Experts Talk: Practical Road Pricing Strategies with David Ungemah
Experts Talk is an interview series with technical leaders from across our transportation program.
How Tolling and Managed Lanes Can Create a More Efficient Road Network — Without Costly Widenings
As communities grapple with rising traffic congestion, ageing infrastructure and looming environmental concerns, the need for innovative and cost-effective solutions has become increasingly evident. Traditional methods of financing and managing road infrastructure are proving insufficient. Enter road pricing — a strategic approach for not only alleviating traffic congestion but also addressing critical funding gaps for infrastructure maintenance and improvement.
A recognised thought leader on road pricing systems, including managed lanes, road usage charging and tolling, David Ungemah has focused on road pricing throughout the entirety of his 30-year career in transportation. As technical director or project manager, Ungemah has guided over 130 congestion pricing and managed lane projects in 22 U.S. states, as well as projects for the U.S. Federal Highway Administration, National Cooperative Highway Research Program and the Ontario (Canada) Ministry of Transportation.
In this interview, Ungemah explains how transportation agencies can use transportation technology and economics to create a more efficient road network — one that incentivises responsible use, manages congestion and does all of it without requiring costly highway widenings.
Q. There’s a lot of variation in road pricing strategies and a lot of variables to consider. Where do municipalities, agencies or states start?
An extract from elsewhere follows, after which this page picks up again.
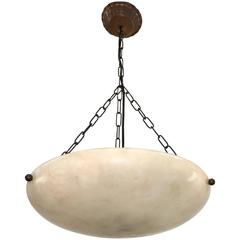 Early 20th Century White Alabaster 'Moonlight' Pendant or Ceiling Lamp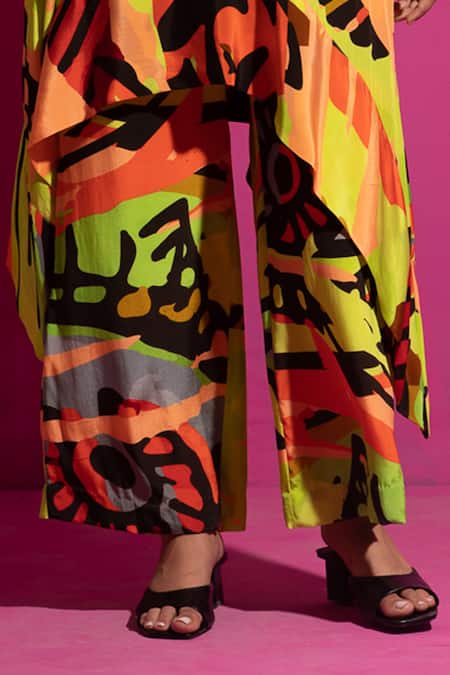 Buy Saksham & Neharicka Multi Color Crepe Round Neck Behroopiya Abstract Print Kurta With Pant Online at Aza Fashions Buy_Saksham & Neharicka_Multi Color Crepe Round Neck Behroopiya Abstract Print Kurta With Pant _Online_at_Aza_Fashions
A. It starts with clarifying the goal that you’re trying to achieve through road pricing. Are you trying to reduce congestion? Cut emissions? Generate revenue? Shift to a more equitable financing structure for roads? These are all great ambitions, and it’s tempting to say you want to do it all. But it’s important to prioritise and be specific. Being clear about what you want to achieve will lead naturally to a solution or solutions. If the most important priority is to generate a certain amount in funding each year, for instance, the solution may focus on determining the combination of toll and vehicle flow rates that maximise revenue but maintain a large number of drivers. Conversely, if the goal is to encourage people to switch to public transit or to limit traffic on ageing infrastructure, the right solution could be strategies that ensure more people change their driving habits, even if that also reduces the number who are paying tolls.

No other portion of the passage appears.